■ GOAL OF THE EXERCISE:
Only one stretch of the data should be retyped: the lines from the line containing "90s fuct og" through the line containing "BSA Optics Bore". Keep pictures out of it.

■ PROVIDED DATA:
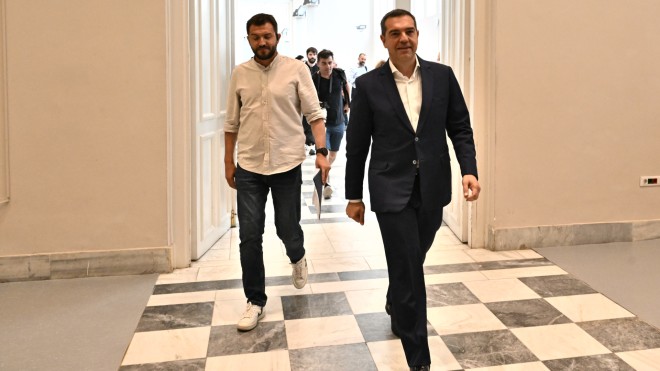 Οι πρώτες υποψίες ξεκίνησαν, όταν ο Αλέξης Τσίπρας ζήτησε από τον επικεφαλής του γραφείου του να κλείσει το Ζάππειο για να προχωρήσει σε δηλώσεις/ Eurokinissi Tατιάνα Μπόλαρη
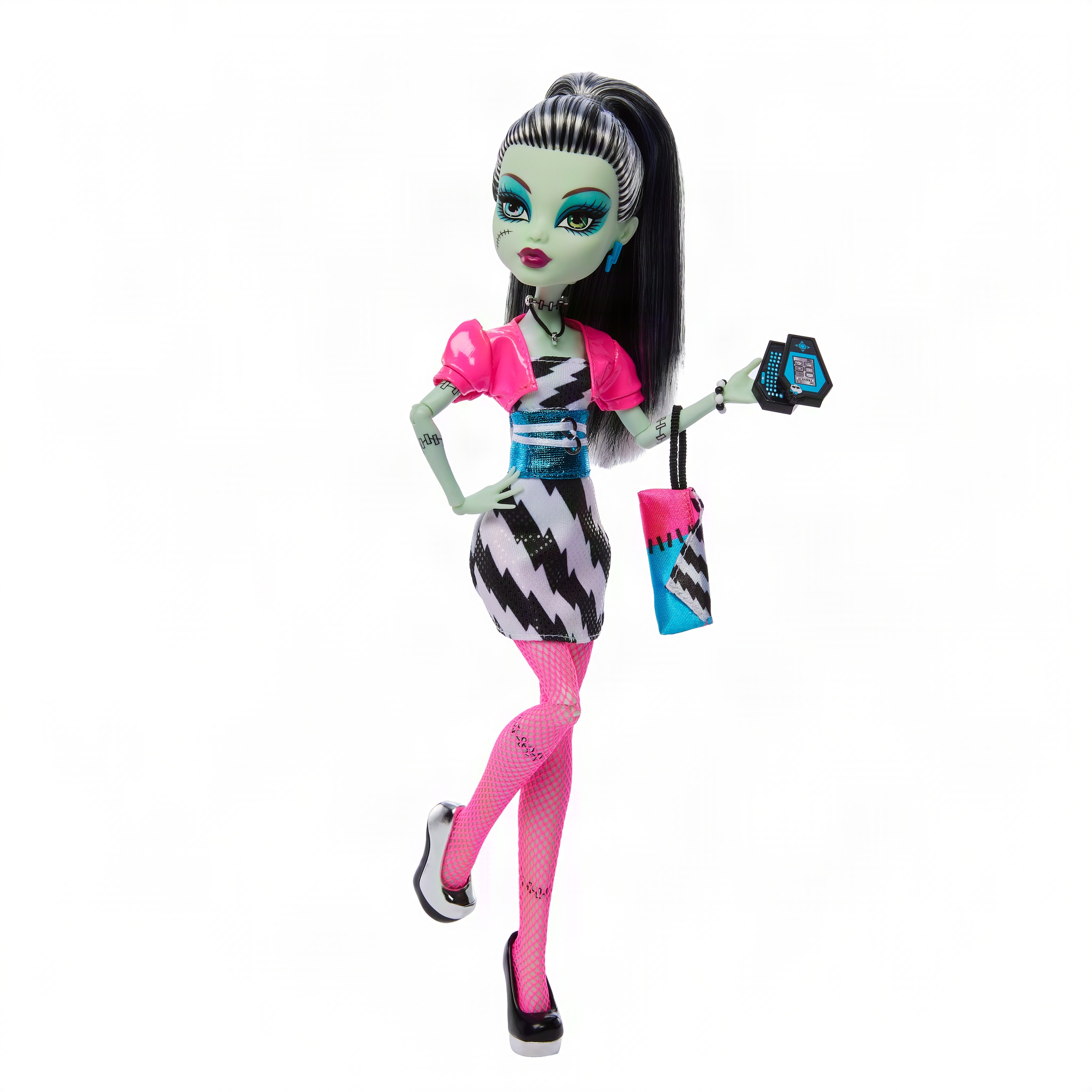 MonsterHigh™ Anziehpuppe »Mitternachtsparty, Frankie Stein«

==

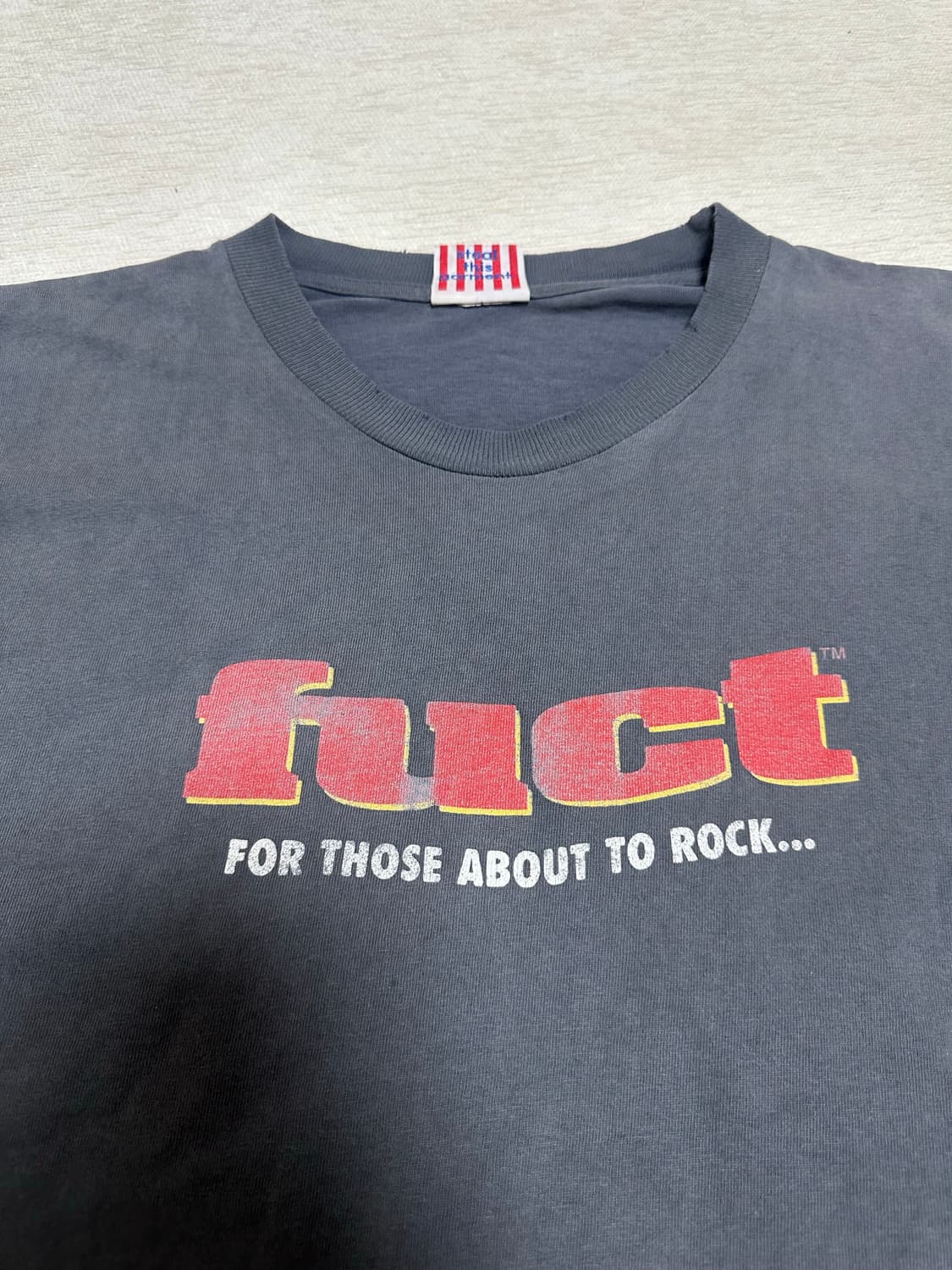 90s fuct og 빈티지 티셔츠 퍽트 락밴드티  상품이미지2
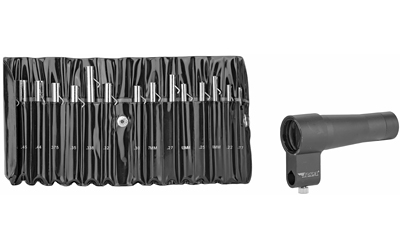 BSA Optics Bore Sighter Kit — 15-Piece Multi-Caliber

■ EXERCISE ANSWER:
 90s fuct og 빈티지 티셔츠 퍽트 락밴드티  상품이미지2
 BSA Optics Bore Sighter Kit — 15-Piece Multi-Caliber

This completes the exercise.